The judgment of the Court of Appeals is

Affirmed.

Justice Scalia,

concurring in the judgment.

I remain of the view that when Congress has not prescribed a limitations period to govern a cause of action that it has created, the Court should apply the appropriate state statute of limitations, or, if doing so would frustrate the purposes of the federal enactment, no limitations period at all. See Agency Holding Corp. v. Malley-Duff & Associates, Inc., 483 U. S. 143, 157-170 (1987) (Scalia, J., concurring in judgment); see also Reed v. Transportation Union, 488 U. S. 319, 334 (1989) (Scalia, J., concurring in judgment). The rule first announced in DelCostello v. Teamsters, 462 U. S. 151, 172 (1983), that a federal limitations period should be selected when it presents a “closer analogy” to the federal cause of action and is “significantly more appropriate,” I find to be not only erroneous but unworkable. If the “closer analogy” part of this is to be taken seriously, the federal statute would end up applying in some States but not in others; and the “significantly more appropriate” part is meaningless, since in all honesty a uniform nationwide limitations period for a federal cause of action is always significantly more appropriate.

I have joined in applying to a so-called “implied” cause of action the limitations period contained in the federal statute out of which the cause of action had been judicially created. See Lampf Pleva, Lipkind, Prupis & Petigrow v. Gilbertson, 501 U. S. 350, 364-366 (1991) (Scalia, J., concurring in part and concurring in judgment). But the cause of action at issue here was created not by us, but by Congress. Accordingly, in my view, the appropriate state statute of limitations governs.

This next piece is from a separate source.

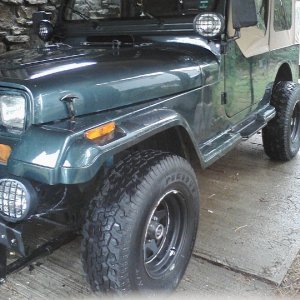 93 YJ Tahlequah Oklahoma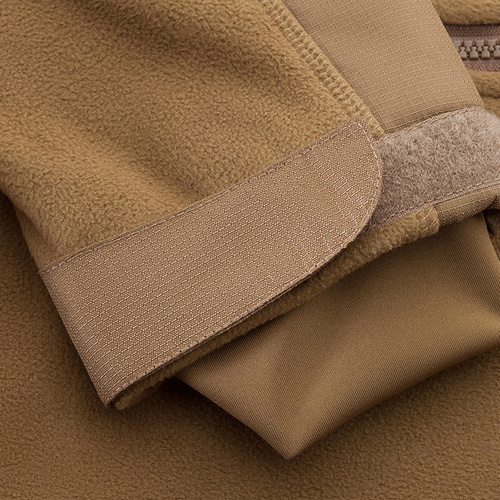 Куртки софтшел - M-Tac - Флісова куртка Norman Windblock Fleece - Coyote - 20027005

Because none of the state statutes arguably applicable here would frustrate the purposes of the Worker Adjustment and Retraining Notification Act (WARN), 29 U. S. C. § 2101 et seq., and because the WARN actions before us are timely under even the shortest of those statutes, I concur in the Court’s judgment. 
      
      The expectation is reversed for statutes passed after December 1,1990, the effective date of 28 U. S. C. § 1658 (1988 ed., Supp. V), which supplies a general, 4-year limitations period for any federal statute subsequently enacted without one of its own.